*** Opening Provided material ***
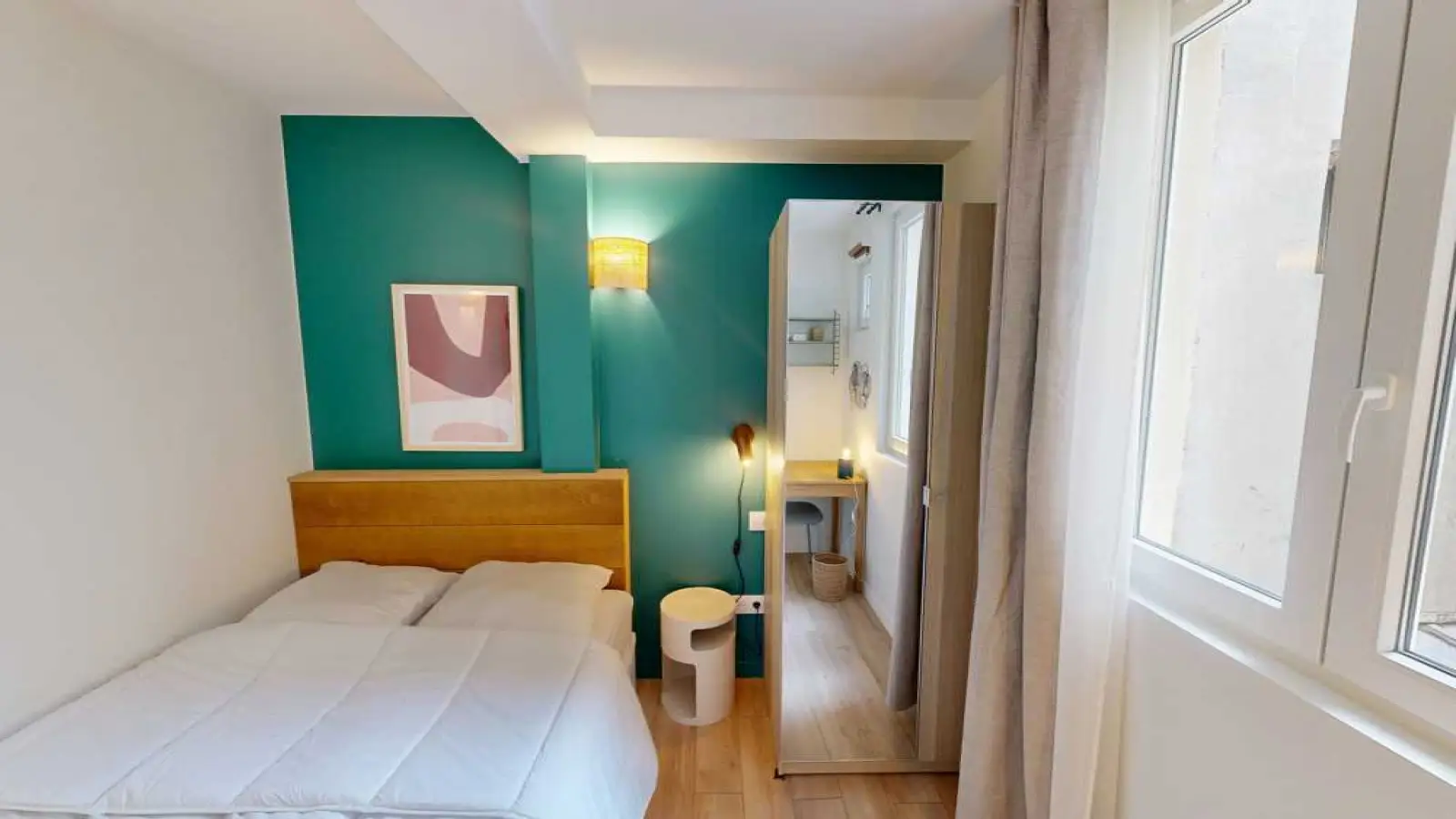 Room Place de la Bataille de Stalingrad in Paris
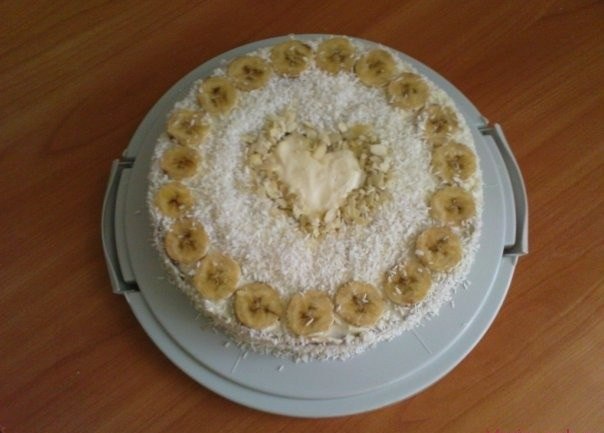 Торт  Снежное сердце”.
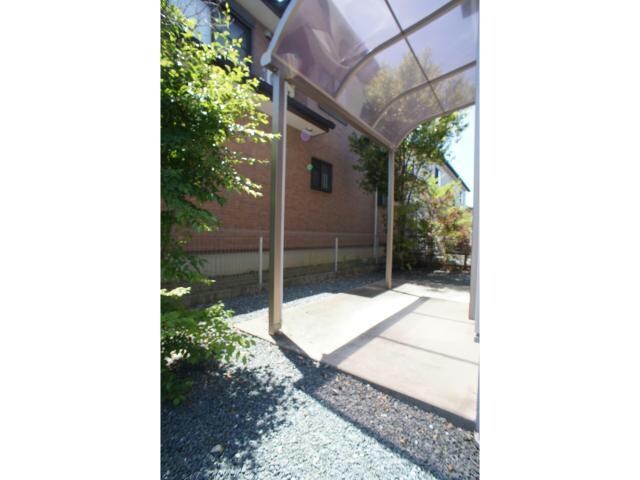 物件外観写真2　(専用庭あり)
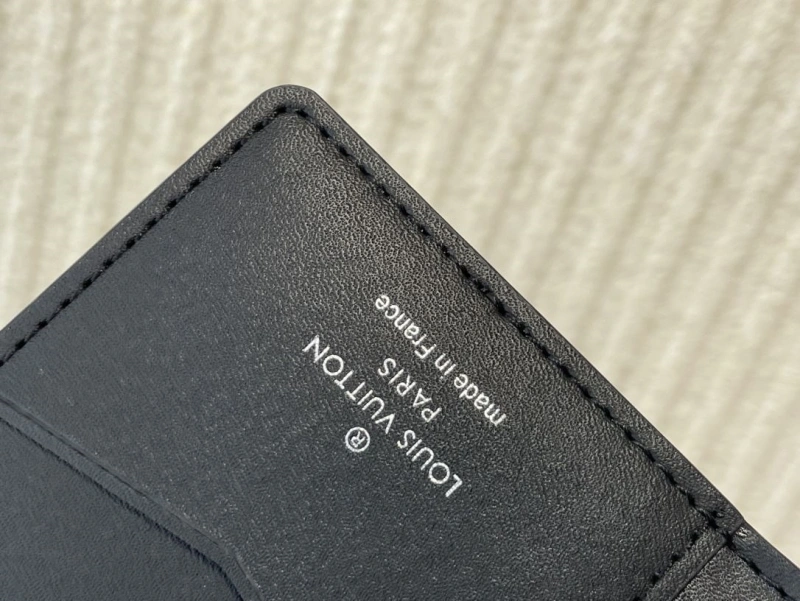 LV Wallets 4365H-0349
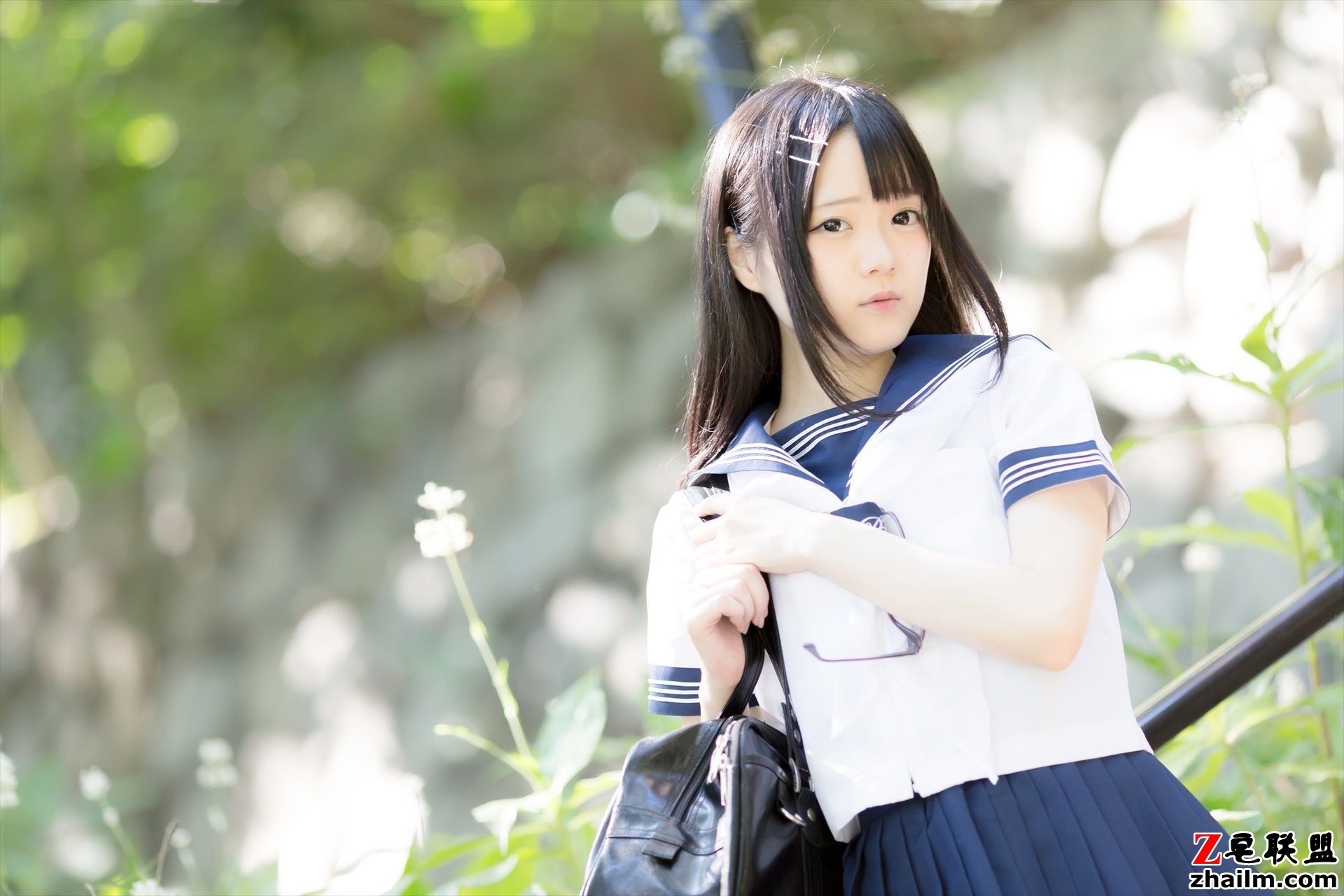 [まきろん。] 君夏 - 君と僕の夏休み 制服第8张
*** Closing Provided material ***
> **Required work**:
Beginning with the line that contains "物件外観写真2　(専用庭あり)" and ending with the final line of the entries, every line must be copied exactly; the pictures must not.

> **Finished exercise**:
 物件外観写真2　(専用庭あり)
 LV Wallets 4365H-0349
 [まきろん。] 君夏 - 君と僕の夏休み 制服第8张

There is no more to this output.